Et pour celles et ceux qui seraient encore hésitant en ce qui concerne la prétendue souveraineté du royaume cherifien sur le Sahara Occidental, le roi du Maroc, Mohamed ben Abdallah (Mohamed 3), avait déjà tranché la question dans sa lettre datée du 28 mai 1767 au roi d’Espagne Charles 3 en réponse à ce dernier quant à la sécurité des pêcheurs Espagnols au large des côtes du Sahara Occidental :
“… ces arabes (les Sahraouis) n’ont pas de lieu sûr ; ils changent de lieu quand ils veulent. Jamais, ils n’ont été assujettis, ni subordonnés à aucun gouvernement. C’est la raison pour laquelle ce n’est pas normal que je donne mon consentement, étant donné qu’il peut être préjudiciable aux habitants des îles Canaries… La côte, depuis Santa Cruz (Cap Ghir) vers le sud n’étant pas de ma juridiction, je ne peux pas la franchir, ni être responsable de ce qui peut y arriver…”

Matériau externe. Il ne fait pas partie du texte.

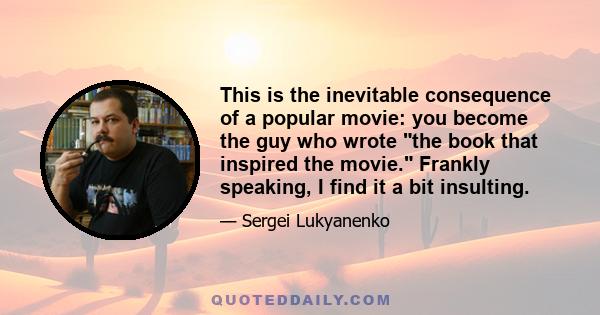 This is the inevitable consequence of a popular movie: you become the guy who wrote the book that inspired the movie. Frankly speaking, I find it a bit insulting.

Cela a le mérite d’être clair. Le roi du Maroc affirmait donc sans ambiguïté que les territoires correspondants au Sahara Occidental actuel n’appartiennent pas au Maroc. C’est pourquoi le royaume Espagnol a pu conquérir cette “terra nullius” prétextant la sécurité de ses citoyens sans se heurter à la France qui avait des visées sur le Maroc.
Ce document est consultable librement, en annexe 33B, page 266 des mémoires et plaidoiries de la Cour Internationale de Justice relatifs au problème du Sahara Occidental (voir également annexe 33A la lettre du même roi au même destinataire) :
Les manoeuvres marocaines pour impliquer l’Algérie dans ce conflit bilatéral et la désigner comme partie prenante ne sauraient résister à la réalité, car les faits sont têtus : l’Algérie avait adressé une fin de non recevoir à la proposition du Maroc de se partager le Sahara Occidental, arguant que ce territoire n’appartenait ni à l’un ni à l’autre mais avait son propriétaire, le peuple Sahraoui.
Cette position désintéressée semble bien incompréhensible à des états expansionnistes et impérialistes comme le Maroc, la France ou l’entité. Qu’avait par exemple à gagner l’Algérie dans son soutien indéfectible à l’Afrique du Sud durant l’apartheid ou encore aujourd’hui à la Palestine, alors qu’elle pourrait s’épargner bien des difficultés, des menaces et des agressions en normalisant ses relations avec tous ces états néocoloniaux ?
Or malheureusement, ou plus exactement fort heureusement (c’est selon), la lutte pour l’émancipation et l’autodétermination des peuples est inscrite dans l’ADN de la république démocratique et populaire algérienne, ce qui fait de l’Algérie est un des leaders naturels du panafricanisme. C’est dans ce sens qu’elle se doit, en tant que puissance régionale, et après l’éclatant succès du sommet arabe, d’organiser voire instituer un forum Algérie Afrique, car qui mieux qu’un pays africain peut saisir et definir les besoins et attentes du continent, et prôner des solutions africaines aux problèmes africains.